Hodak explained that at a high level, instead of having one large, monolithic model, with the MoE approach there are several smaller models, which are the experts in different domains. Anytime a query comes it is routed through one of the experts.”
The MoE benchmark tests performance on different hardware using the Mixtral 8x7B model, which consists of eight experts, each with 7 billion parameters. It combines three different tasks:
- Question-answering based on the Open Orca dataset
- Math reasoning using the GSMK dataset
- Coding tasks using the MBXP dataset
He noted that the key goals were to better exercise the strengths of the MoE approach compared to a single-task benchmark and showcase the capabilities of this emerging architectural trend in large language models and generative AI. Hodak explained that the MoE approach allows for more efficient deployment and task specialization, potentially offering enterprises more flexible and cost-effective AI solutions.
Nvidia Blackwell is coming and it’s bringing some big AI inference gains
The MLPerf testing benchmarks are a great opportunity for vendors to preview upcoming technology. Instead of just making marketing claims about performance the rigor of the MLPerf process provides industry-standard testing that is peer reviewed.
Among the most anticipated pieces of AI hardware is Nvidia’s Blackwell GPU, which was first announced in March. While it will still be many months before Blackwell is in the hands of real users the MLPerf Inference 4.1 results provide a promising preview of the power that is coming.

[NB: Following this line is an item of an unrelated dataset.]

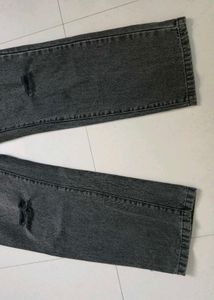 Distressed Black Denim Jeans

“This is our first performance disclosure of measured data on Blackwell, and we’re very excited to share this,” Dave Salvator, at Nvidia said during a briefing with press and analysts.
MLPerf inference 4.1 has many different benchmarking tests. Specifically on the generative AI workload that measures performance using MLPerf’s biggest LLM workload, Llama 2 70B,
“We’re delivering 4x more performance than our previous generation product on a per GPU basis,” Salvator said.

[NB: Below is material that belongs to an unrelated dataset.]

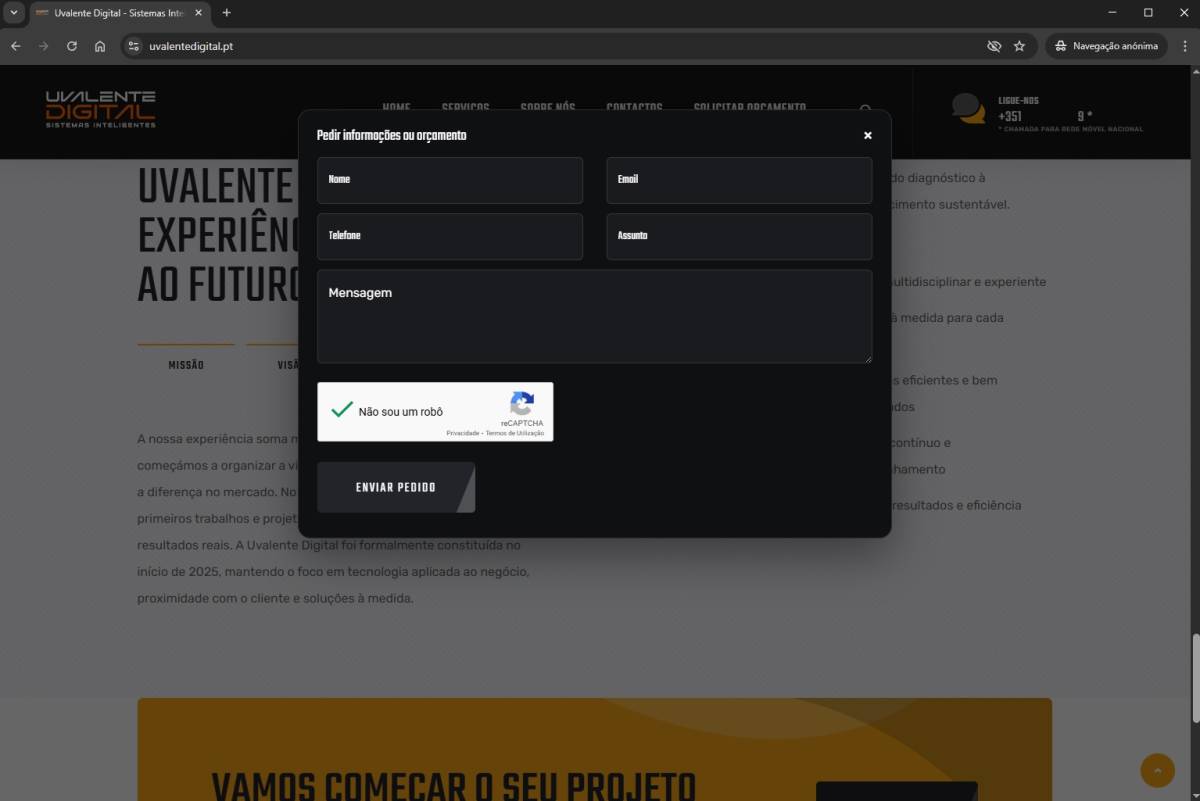 Uvalente Digital - Sistemas Digitais - Torres Vedras - Digital Marketing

While the Blackwell GPU is a big new piece of hardware, Nvidia is continuing to squeeze more performance out of its existing GPU architectures as well. The Nvidia Hopper GPU keeps on getting better. Nvidia’s MLPerf inference 4.1 results for the Hopper GPU provide up to 27% more performance than the last round of results six months ago.
“These are all gains coming from software only,” Salvator said. “In other words, this is the very same hardware we submitted about six months ago, but because of ongoing software tuning that we do, we’re able to achieve more performance on that same platform.”